A Note on the Gradient-Evaluation Sequence in Accelerated Gradient Methods

Imagine you are trying to find the lowest point in a vast, foggy valley (this is your optimization problem). You can't see the bottom, but you have a magical compass that tells you which way is "down" (the gradient). Your goal is to get to the bottom as fast as possible.

For decades, the smartest hikers (algorithms) used a trick called Nesterov's Accelerated Gradient Descent (AGD). Think of this like a skier who doesn't just look at the slope right under their feet, but also leans forward, anticipating where they will be in a split second. This "look-ahead" momentum allows them to zoom down the hill much faster than a hiker who just takes one step at a time.

The Two Lines of Hikers

Here is the tricky part about how this skiing technique works. The algorithm actually keeps track of two different lines of hikers simultaneously:

The "Look-Ahead" Line (Sequence $x_k$ ): These hikers are the ones the skier leans toward. They are used to check the compass (calculate the gradient). They are the "scouts" running ahead to see the terrain.
The "Official Finish" Line (Sequence $\tilde{x}_k$ ): These are the hikers who actually stop and declare, "We are here! This is our best guess for the bottom."

The Big Question:
For a long time, mathematicians knew that the Official Finish Line hikers were incredibly fast. They could reach the bottom with a speed that gets better and better as time goes on (specifically, the error shrinks by $1/k^2$).
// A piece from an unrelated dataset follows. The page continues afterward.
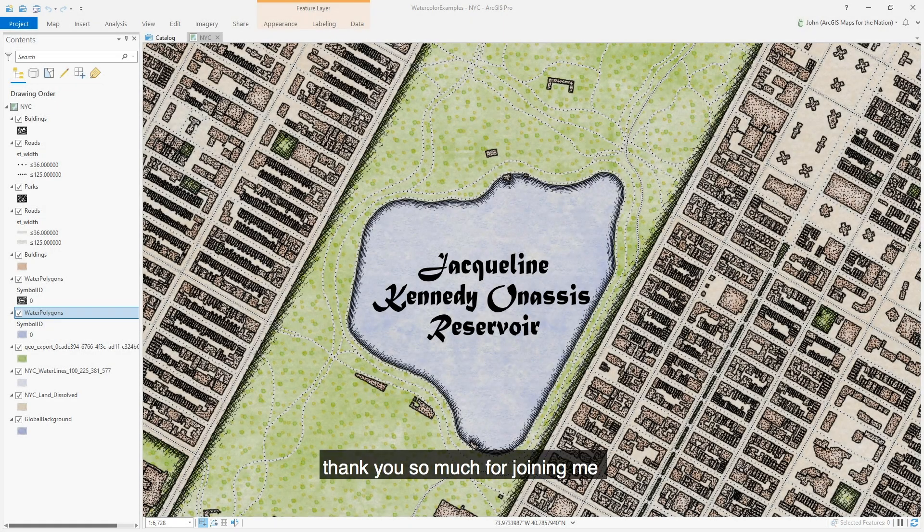Thank you so much for joining me on this latest installment of the Map Like a Pro video series. I'm John Nelson, and in this video I'll show you how to make perfectly crisp vector label text.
However, nobody knew if the Look-Ahead Line (the scouts running ahead to check the compass) was also fast enough to be considered a "winner." Could the scouts themselves be the winners? Or were they just fast runners who got lost?

In the simplest case (a flat, open field with no fences), we knew the scouts were fast. But what if the valley has fences (constraints) or strange, warped terrain (non-Euclidean settings)? Could the scouts still win? This was a mystery.

The Detective Work: The "Computer-aided" Clue

The authors of this paper decided to solve this mystery using a high-tech detective tool called PEP (Performance Estimation Problem).

Imagine you are a detective trying to prove a suspect is guilty. Instead of just guessing, you build a super-computer simulation that tries to construct the worst possible valley imaginable to see if the hikers fail.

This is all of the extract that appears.